Lonjakan Pengiriman Ribuan Sapi NTB ke Jabodetabek Dipantau Ketat BKHIT NTB
- 21 Mei 2026 21:01 WIB
- Mataram
RRI.CO.ID, Lombok Barat - Menjelang Hari Raya Idul Adha 2026, arus pengiriman sapi kurban dari Nusa Tenggara Barat terus bergerak masif menuju berbagai daerah di Indonesia, terutama wilayah Jabodetabek. Hingga 17 Mei 2026, tercatat puluhan ribu ekor sapi telah diberangkatkan dengan pengawasan ketat demi memastikan kesehatan ternak tetap aman dan bebas dari ancaman Penyakit Mulut dan Kuku (PMK).
Kepala Balai Karantina Hewan Ikan dan Tumbuhan Nusa Tenggara Barat, Ina Soelistyani, mengungkapkan lalu lintas pengiriman sapi keluar NTB mengalami peningkatan signifikan menjelang Idul Adha tahun ini.
“Per tanggal 17 Mei 2026, total sapi yang keluar dari NTB sudah mencapai 26.800 ekor khusus untuk kebutuhan kurban di Jabodetabek,” ujar Ina saat ditemui RRI di Kantor BKHIT Nusa Tenggara Barat. Kamis 21 Mei 2026.
Ina menjelaskan, frekuensi pengiriman khusus wilayah Jabodetabek mencapai sekitar 1.094 kali pengiriman. Sementara secara keseluruhan, total frekuensi pengiriman ternak dari NTB sejak Januari hingga pertengahan Mei 2026 mencapai sekitar 1.400 kali.
“Kalau total keseluruhan sapi yang keluar dari NTB sejak Januari sampai 17 Mei sudah sekitar 31 ribu ekor. Dari jumlah itu, sekitar 3.000 ekor merupakan pengiriman khusus kebutuhan kurban,” katanya.
Menurutnya, capaian tersebut telah melampaui target awal pengiriman sapi kurban dari NTB yang sebelumnya diproyeksikan sekitar 25 ribu ekor.
Meski lalu lintas ternak meningkat tajam, pihak karantina memastikan kondisi kesehatan sapi tetap aman dan terkendali.

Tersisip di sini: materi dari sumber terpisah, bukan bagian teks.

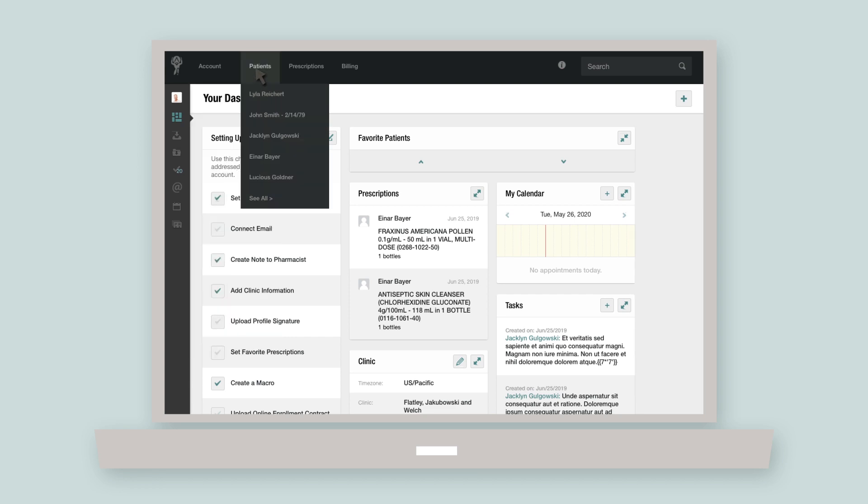The patients tab shows you a short list of patients whose charts you recently interacted with. You can see and manage your clinic's full list of patients by clicking on the tab itself or see all in the drop-down menu.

Hasil pemantauan lapangan dan laboratorium menunjukkan belum ditemukan indikasi Penyakit Mulut dan Kuku (PMK) pada sapi yang dikirim keluar daerah.
“Sampai saat ini belum ada indikasi PMK ataupun sapi yang mati selama proses pengiriman. Kami juga baru selesai melakukan monitoring di Pulau Sumbawa tepatnya di Pelabuhan Badas dan hasil laboratorium masih negatif PMK,” tegasnya.

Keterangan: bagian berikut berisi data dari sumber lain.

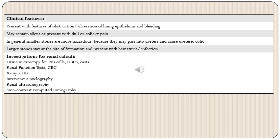Small stones are more hazardous because they can pass into the ureters and cause ureteric colic, the most painful colicky pain. Larger stones can stay at the site of formation and present with hematuria and infection because of stasis. Various investigations for renal calculi include urine microscopy showing pus cells, RBCs, casts, and at times urinary crystals; renal function tests; CBC showing neutrophilia; X-ray KUB; intravenous pyelography; renal ultrasonography; and non-contrast computed tomography.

Ia menambahkan, hasil pemeriksaan laboratorium yang dilakukan bersama dinas terkait juga memperlihatkan kondisi serupa sehingga pihaknya optimistis pengiriman ternak menuju DKI Jakarta berjalan aman tanpa muncul kasus PMK baru.
“Semoga nanti sampai di DKI tidak ada kejadian kasus PMK karena sejauh ini hasil pemeriksaan semuanya masih aman,” ucapnya.
Selain PMK, pengawasan terhadap penyakit Trypanosomiasis juga diperketat. Dari sekitar 7.000 ekor sapi yang dilalulintaskan melalui Pelabuhan Badas, hanya ditemukan empat kasus selama periode Februari hingga April 2026.
“Februari ditemukan dua kasus, Maret satu kasus dan April satu kasus. Semua langsung kami obati dan sembuhkan terlebih dahulu sebelum dikembalikan kepada masyarakat serta tidak dilalulintaskan,” katanya menegaskan.
Menurut Ina, sapi yang terindikasi parasit darah tersebut memang tidak diizinkan untuk dikirim karena dikhawatirkan dapat menyebarkan penyakit ke daerah lain serta memengaruhi kondisi bobot ternak.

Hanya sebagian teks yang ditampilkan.